The conditions of plane stress are thus: $\sigma_z = 0$ (1a) $\tau_{xz} = 0$ (1b) $\tau_{yz} = 0$ (1c)

If we compare these to plane strain, we find out that we switch the z-strain for the z-stress.
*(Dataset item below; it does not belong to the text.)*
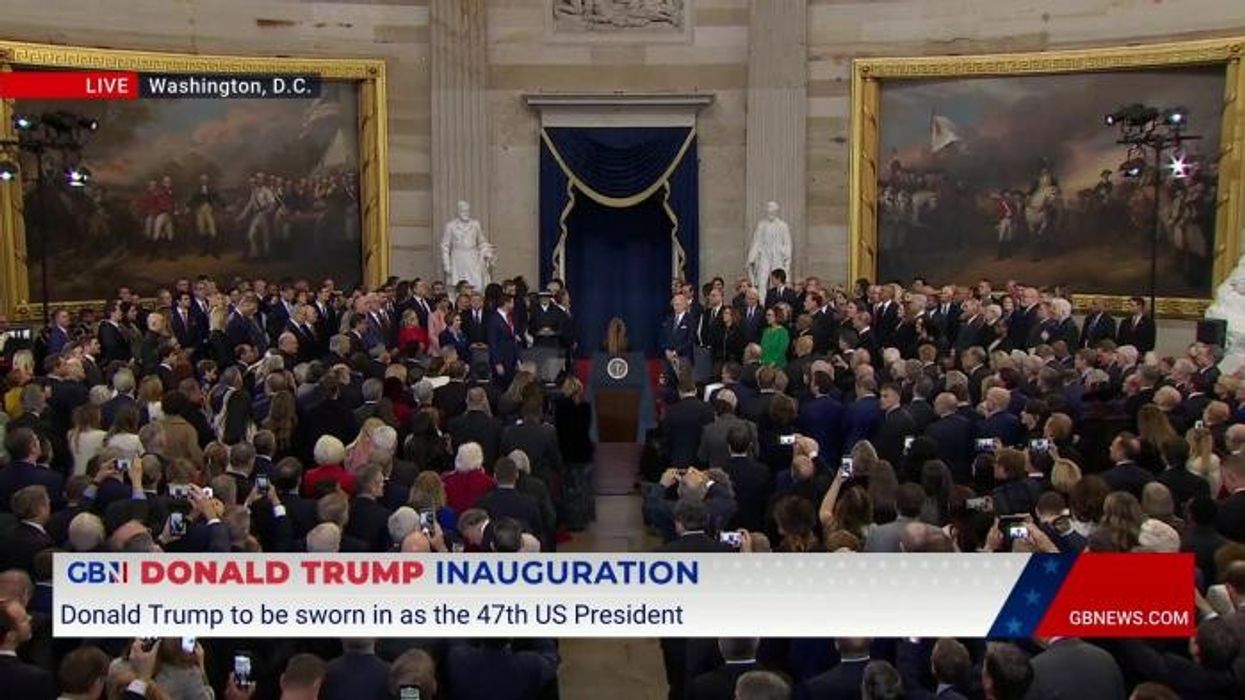 Melania Trump fails to kiss Donald Trump in awkward inauguration moment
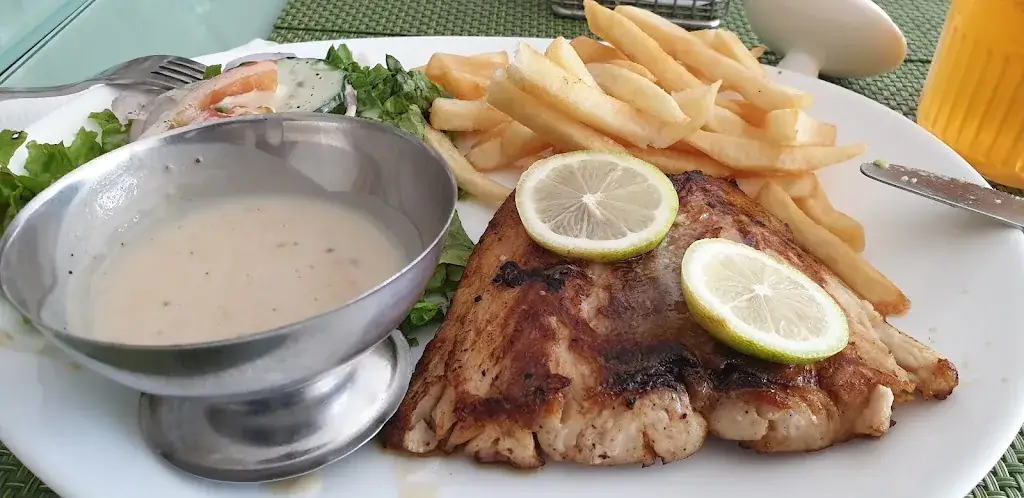 Jason Dewkurun_Broadway Restaurant_Mauritius_review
This means that deriving the equations–especially the 3 x 3 case–is the mirror image of the plane strain case, and we will see this clearly below.

Let’s start by noting that, as before, the starting 4 x 4 constitutive matrix is the same as plane strain, thus D_{e}=\left[\begin{array}{cccc} {\frac{\left(1-\nu\right)\lambda}{\nu}} & \lambda & \lambda & 0\\ \noalign{\medskip}\lambda & {\frac{\left(1-\nu\right)\lambda}{\nu}} & \lambda & 0\\ \noalign{\medskip}\lambda & \lambda & {\frac{\left(1-\nu\right)\lambda}{\nu}} & 0\\ \noalign{\medskip}0 & 0 & 0 & G \end{array}\right] (2)
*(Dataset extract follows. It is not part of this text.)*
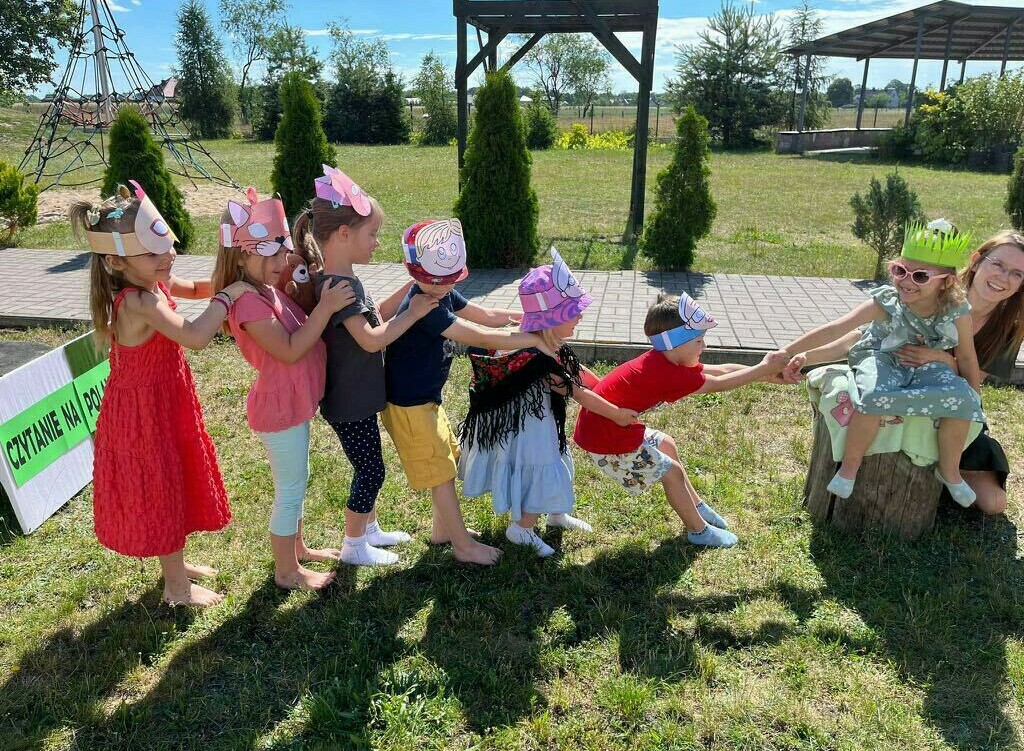 Zdjęcie do ''Czytanie na Polanie'' w Przedszkolu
and its inverse D_{e}^{-1}=\left[\begin{array}{cccc} -{\frac{\nu}{\lambda\,\left(-1+\nu+2\,{\nu}^{2}\right)}} & {\frac{{\nu}^{2}}{\lambda\,\left(-1+\nu+2\,{\nu}^{2}\right)}} & {\frac{{\nu}^{2}}{\lambda\,\left(-1+\nu+2\,{\nu}^{2}\right)}} & 0\\ \noalign{\medskip}{\frac{{\nu}^{2}}{\lambda\,\left(-1+\nu+2\,{\nu}^{2}\right)}} & -{\frac{\nu}{\lambda\,\left(-1+\nu+2\,{\nu}^{2}\right)}} & {\frac{{\nu}^{2}}{\lambda\,\left(-1+\nu+2\,{\nu}^{2}\right)}} & 0\\ \noalign{\medskip}{\frac{{\nu}^{2}}{\lambda\,\left(-1+\nu+2\,{\nu}^{2}\right)}} & {\frac{{\nu}^{2}}{\lambda\,\left(-1+\nu+2\,{\nu}^{2}\right)}} & -{\frac{\nu}{\lambda\,\left(-1+\nu+2\,{\nu}^{2}\right)}} & 0\\ \noalign{\medskip}0 & 0 & 0 & {G}^{-1} \end{array}\right] (3)

The stress and strain vectors, however, are \sigma=\left[\begin{array}{c} \sigma_{{x}}\\ \noalign{\medskip}\sigma_{{y}}\\ \noalign{\medskip}0\\ \noalign{\medskip}\tau_{{\it xy}} \end{array}\right] (4) \epsilon=\left[\begin{array}{c} \epsilon_{{x}}\\ \noalign{\medskip}\epsilon_{{y}}\\ \noalign{\medskip}\epsilon_{z}\\ \noalign{\medskip}{\it \gamma}_{{\it xy}} \end{array}\right] (5)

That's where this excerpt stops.